The reported settlement also leaves less than $3 billion left over in Volkswagen’s initial Dieselgate fund for pending legal actions and investigations in the rest of the entire world.
Here are the financial details of how it will work:
Car owners will get a total of $10.03 billion, which covers both the value of their vehicles before the scandal became public last September and compensation payments of as much as $10,000 apiece, two people familiar with the negotiations said. Those figures could rise if VW misses certain repair deadlines.
The compensation figure jumped over the past few days, these people said, as the parties changed their estimates on what it would take to get some 85 percent of owners to trade in their vehicles under the settlement.

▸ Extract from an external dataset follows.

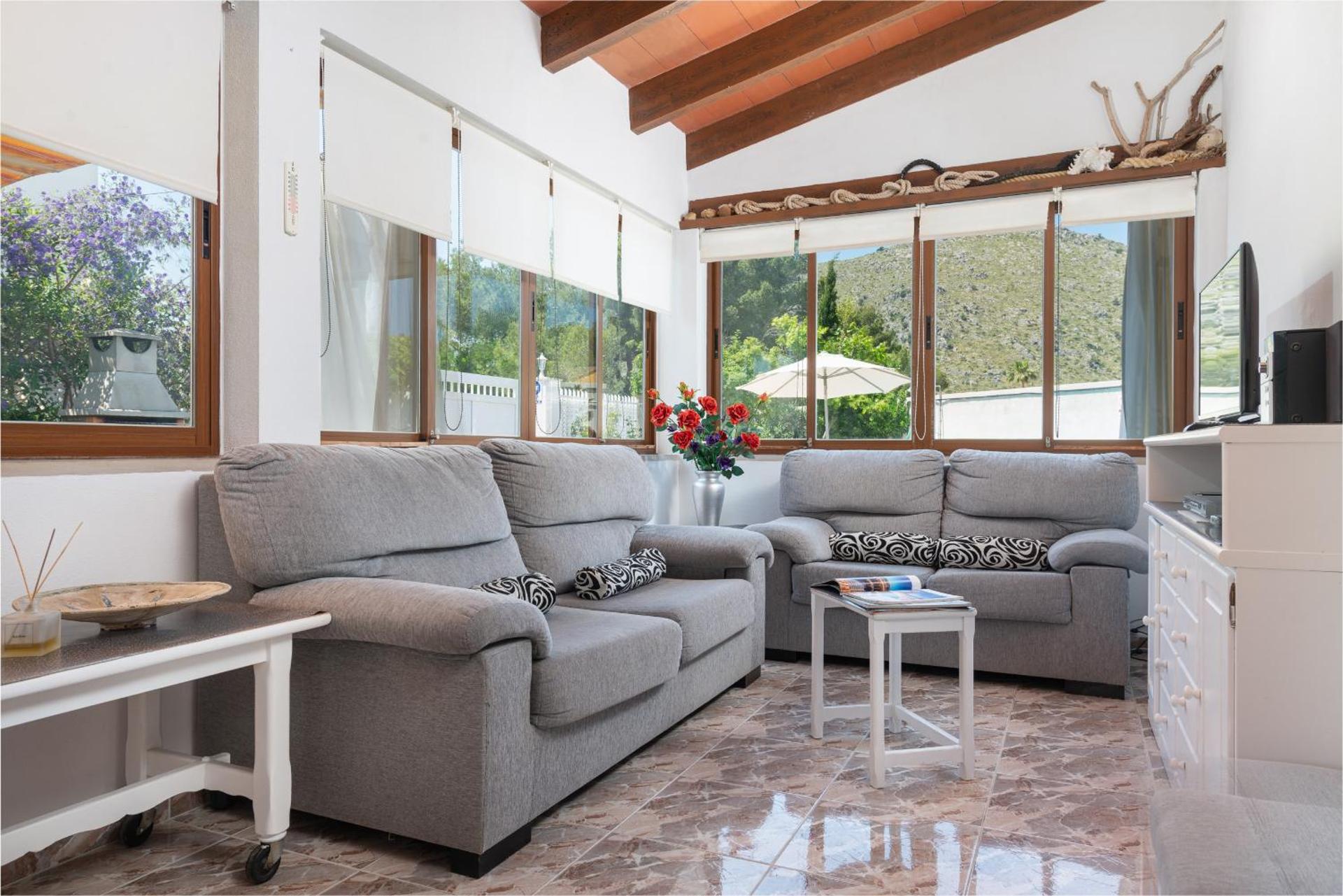 Communal lounge/ TV room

The rest of the settlement includes $2.7 billion for the Environmental Protection Agency and the California Air Resources Board, and an additional $2 billion for research into clean-emissions technology, Bloomberg reported.
There’s a further settlement with individual states as well, possibly to the tune of another $400 million. There’s also no exact timetable yet for when any of this will come to fruition, or how VW owners will be able to make a claim for their cars.
But as we said earlier today, this is definitely not the end. There are still multiple lawsuits pending in many different countries, along with pissed off shareholders and regulators. Not to mention any lingering depression in sales that can be attributed to the scandal.